Protect the property rights
An important policy change that should be made by the government to build an innovating entrepreneurial class has been the protection of property rights. Property rights are the right of a person to hold property – both human and physical – that generates an income stream to its holder. The person concerned must have the right to dispose of his property in the market in a voluntary exchange. There should not be possibilities for any private party or the government to grab it from him without his consent and without compensating him properly.
To protect the property rights, the government should observe the Rule of Law and maintain law and order. To ensure both these pre-conditions, there should be a judiciary which is independent and free from influences of the government and the politicians who make up the government. In addition, the law enforcement agencies, namely, the Attorney General and his staff and the Police, should also be able to conduct their affairs freely and independently.

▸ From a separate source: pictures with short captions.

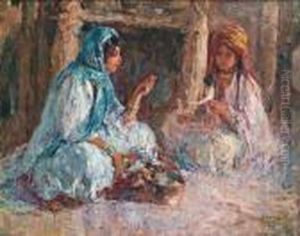 Ecole Belge
 Deux Jeunes Fileuses Conversant by Edouard Verschaffelt
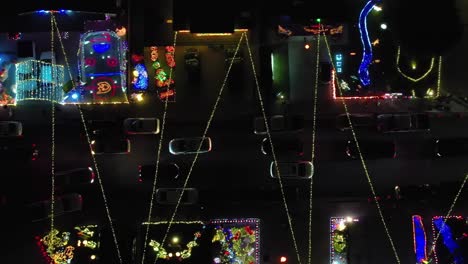 Aerial-topdown-view-Along-Christmas-Winter-Wonderland,-Colorful-light-decoration-in-Valencia-Neighborhood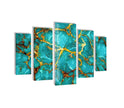 Set of 5 Blue Abstract Tempered Glass Wall Art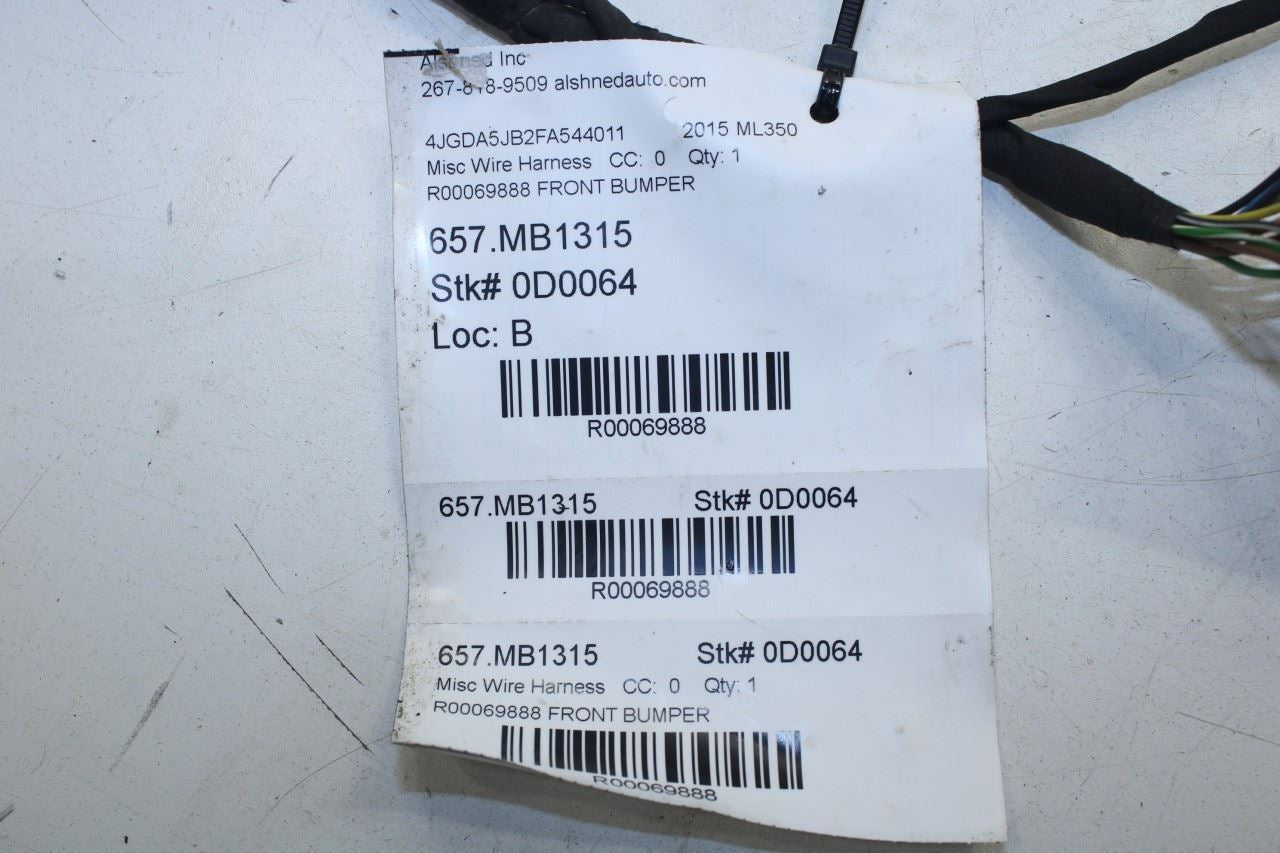 12-15 Mercedes-Benz ML350 Front Bumper Wire Harness w Park Sensors 166-440-63-13 - Alshned Auto Parts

It is not sufficient to introduce constitutional provisions safeguarding their independence since the government in power can always abuse its powers by exercising its majority power in Parliament. To keep a proper check on these agencies as well as the government and its politicians, it is necessary to empower civic society institutions which will function as watchdogs protecting the rights of the people. A society which does not uphold the rights of these civic society institutions is unlikely to protect the property rights of the people. When property rights are violated, there is no entrepreneurship too in such a society.
Lay a firm foundation
Hence, Sri Lanka today should lay foundations to build several strong pillars in its economy. First, it should take measures to convert the simple product economy to a complex product economy. Second, to do so, it should promote R&D activities by its universities and research organisations.
Third, it should give a proper value to private businesses. Fourth, to enable the private businesses to function as innovators, it should protect the property rights by observing the Rule of Law, maintaining law and order and upholding the independence of the law enforcement agencies.